Bee-killing pesticides ban passed
BRUSSELS: EU countries voted yesterday for a near-total ban on insecticides blamed for killing off bee populations, in what campaigners called a “beacon of hope” for the winged insects.
Bees help pollinate 90% of the world’s major crops, but in recent years have been dying off from “colony collapse disorder”, a mysterious scourge blamed on mites, pesticides, virus, fungus, or a combination of these factors.
The 28 European Union (EU) member states approved a ban on three neonicotinoid pesticides after the European food safety agency said in February that must uses of the chemicals posed a risk to both honey bees and wild bees.
Campaigners dressed in black and yellow bee suits rallied outside the headquarters of the European Commission in Brussels ahead of the vote for a ban on three key pesticide chemicals.

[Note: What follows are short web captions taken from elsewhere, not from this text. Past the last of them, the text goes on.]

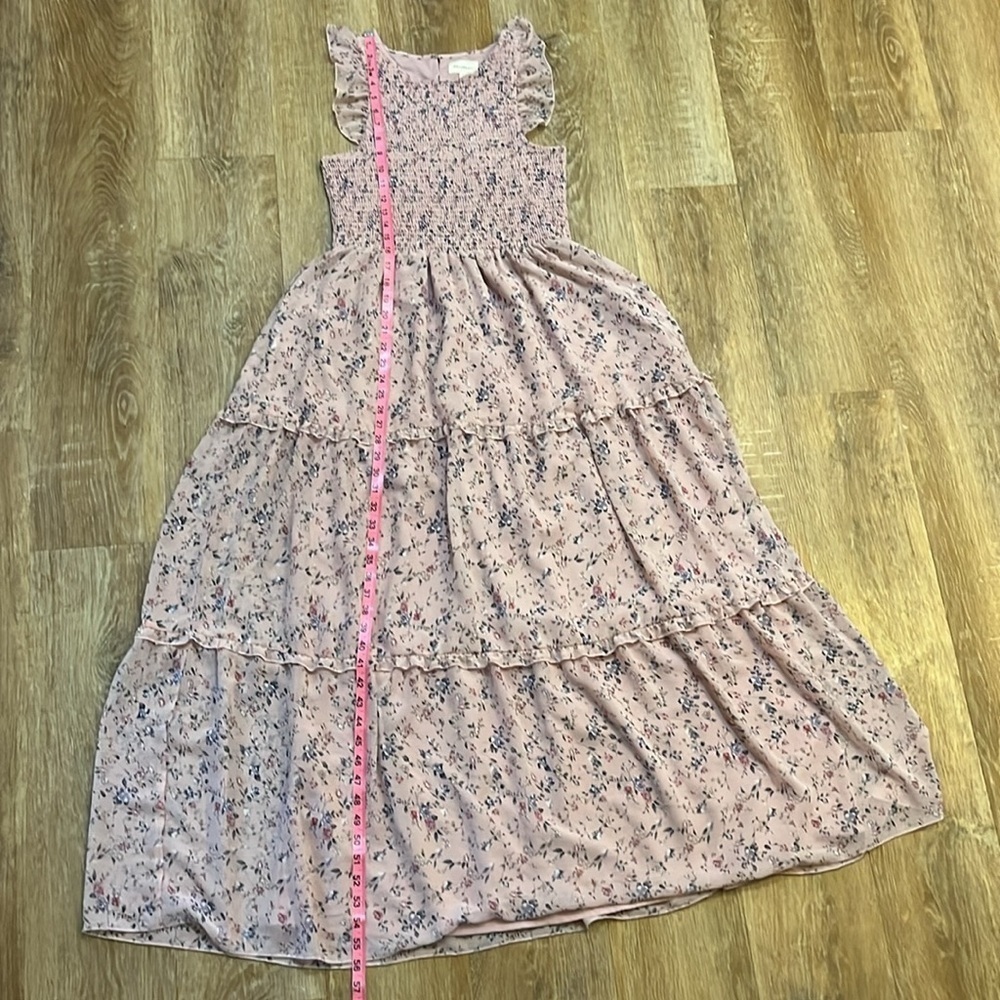 Melloday Rose Pink Floral Maxi Dress Smocked Tiered Lined Size Large L EUC - Picture 14 of 16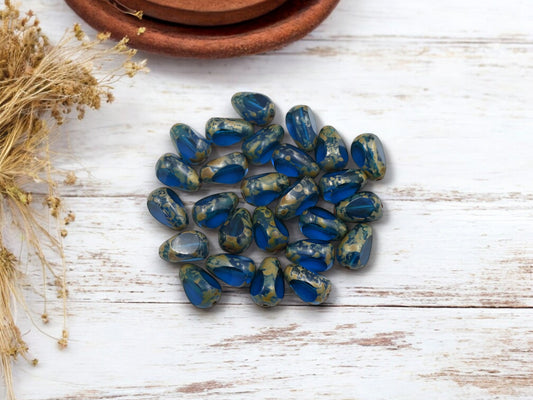 *25* 11x7mm Capri Blue Picasso Table Cut Teardrop Beads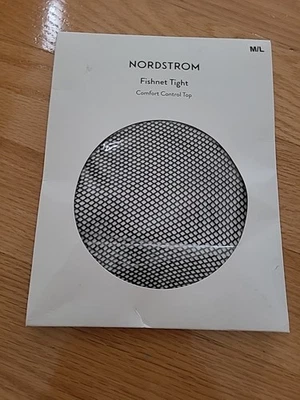 Nordstrom Fishnet Tights Comfort Control Top Black Size M/L  - Image 1 of 4
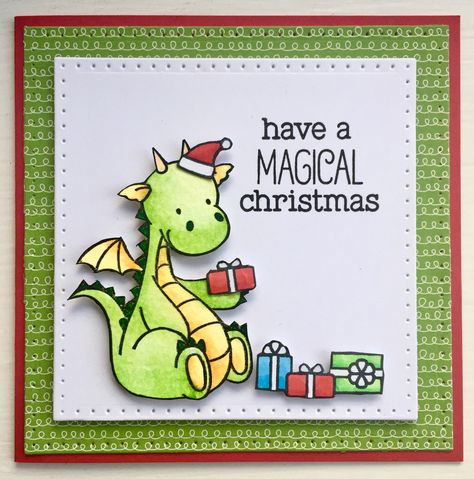 MFT / My Favorite things Magical dragons christmas card coloured with copics. www.clairmatthews.com Dragon Christmas Card, Magical Dragon, Handmade Greeting Card Designs, Christmas Dragon, Dinosaur Cards, Mft Cards, Christmas Card Inspiration, My Favourite Things, Mft Stamps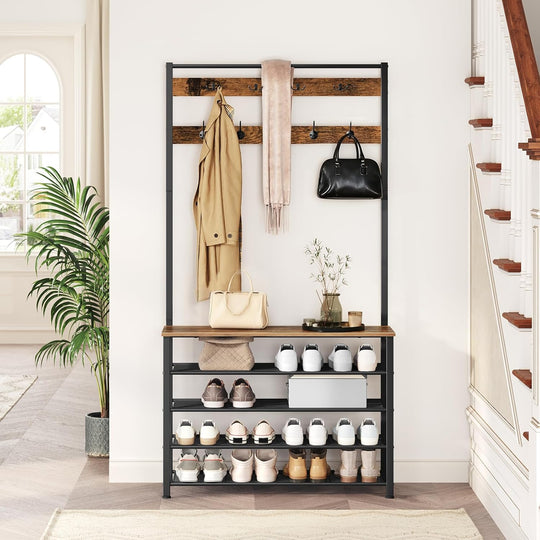 Coat Stand Rack with Shoe Storage Free Standing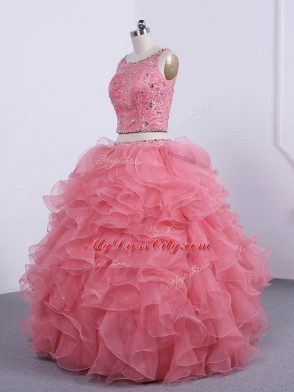 Luxurious Scoop Sleeveless Zipper 15 Quinceanera Dress Watermelon Red Organza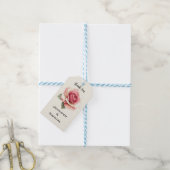 Sjofele Roze Roos Cadeaulabel (Met Touw)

EU Environment Commissioner Vytenis Andriukaitis said he was “happy that member states voted in favour of our proposal” to restrict the chemicals and tweeted a picture of the activists.
The pesticides — clothianidin, imidacloprid and thiamethoxam — are based on the chemical structure of nicotine and attack the nervous systems of insect pests.
Environmental groups, which have long campaigned for a ban on neonicotinoids, were abuzz about the decision.
“Finally, our governments are listening to their citizens, the scientific evidence and farmers who know that bees can’t live with these chemicals and we can’t live without,” Avaaz senior campaigner Antonia Staats said.